Through the efforts of Mstislav Rostropovich and with the blessing of the composer’s widow, Irina Shostakovich, The Gamblers, based on Gogol’s comedy of the same name, and The Great Lightning, with a libretto by Soviet poet Nikolai Aseyev and preserved in the form of an unfinished cycle of operatic episodes, were prepared for performance by soloists of the Galina Vishnevskaya Opera Centre. Nothing is known regarding the composer’s work on The Great Lightning. Moreover, it was long thought that he in fact had not even begun to set the libretto to music. But in 1980, Gennady Rozhdestvensky discovered the composer’s manuscript, a piano score of the first nine numbers. During the Shostakovich centennial year of 2006, The Gamblers and The Great Lightning were given a single performance at the Holland Festival in Amsterdam (the latter in the form of a suite from the nine surviving numbers). The recent international tour once again presented these rare works of the composer in combination and also received the necessary support and personal approval of Irina Shostakovich.
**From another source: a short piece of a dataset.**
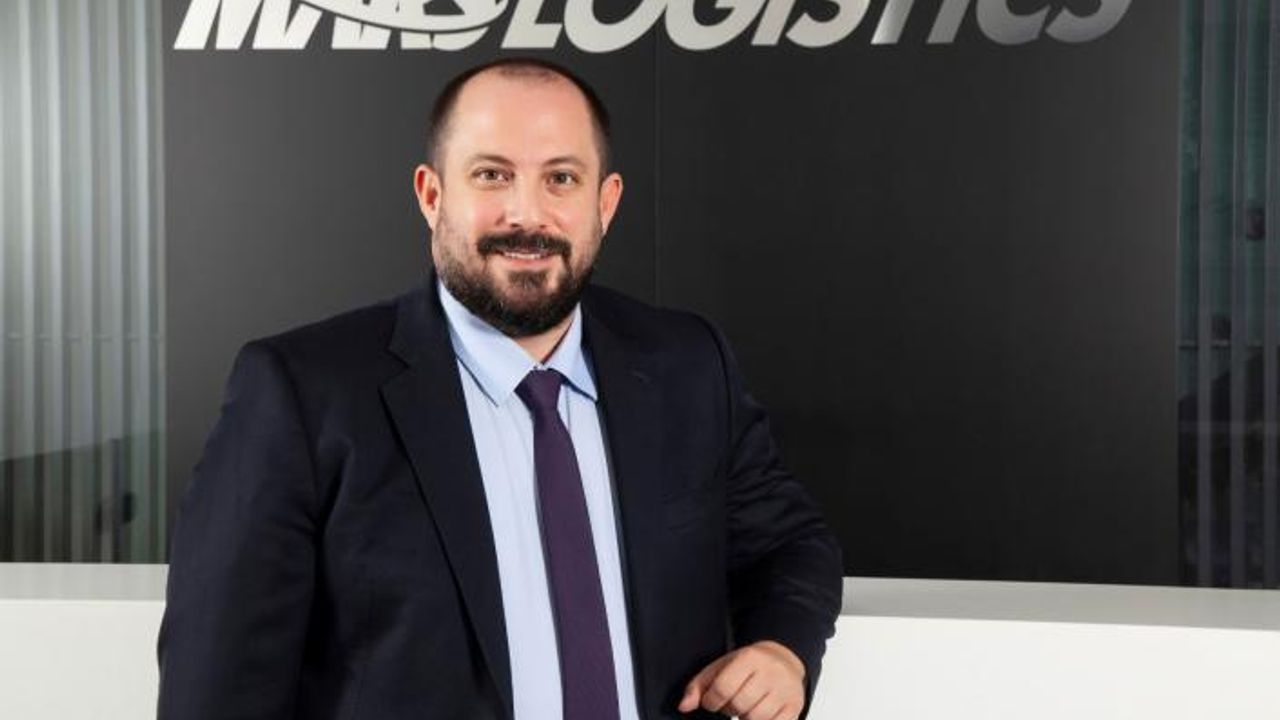 MARS LOGİSTİCS YILI 2,1 MİLYAR TL CİRO İLE KAPATTI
The Moscow concert took place on October 22 in Tchaikovsky Hall. Taking part in it was the Symphony Orchestra of the Paris Conservatory, with the operas led by Russian conductor Yaroslav Tkalenko and the piano concerto by French conductor Alexandre Bloch. Performing as well was the Chamber Choir of the Moscow Conservatory under the direction of Boris Tevlin. Performance of operas’ roles rested entirely on the strong shoulders of soloists from the Galina Vishnevskaya Opera Centre. The casts of both operas are given over entirely to male voices. Singing in The Gamblers were tenor Oleg Dolgov (Ikharev), baritone Konstantin Brzhinsky (the Comforter), tenor Maxim Sazhin (Krugel), bass Ruslan Roziyev (Shvokhnev), bass Pavel Sorokin (Alexei) and bass Yury Zaltsman (Gavrushka). The same singers performed in The Great Lightning: Maxim Sazhin (Yegor, Tommi, tenor solo), Pavel Sorokin (Semyon and the Voice from the Loudspeaker), Oleg Dolgov (the Architect), Konstantin Brzhinsky (the Manager), Yury Zaltsman (Mayofel) and Ruslan Roziyev (bass solo).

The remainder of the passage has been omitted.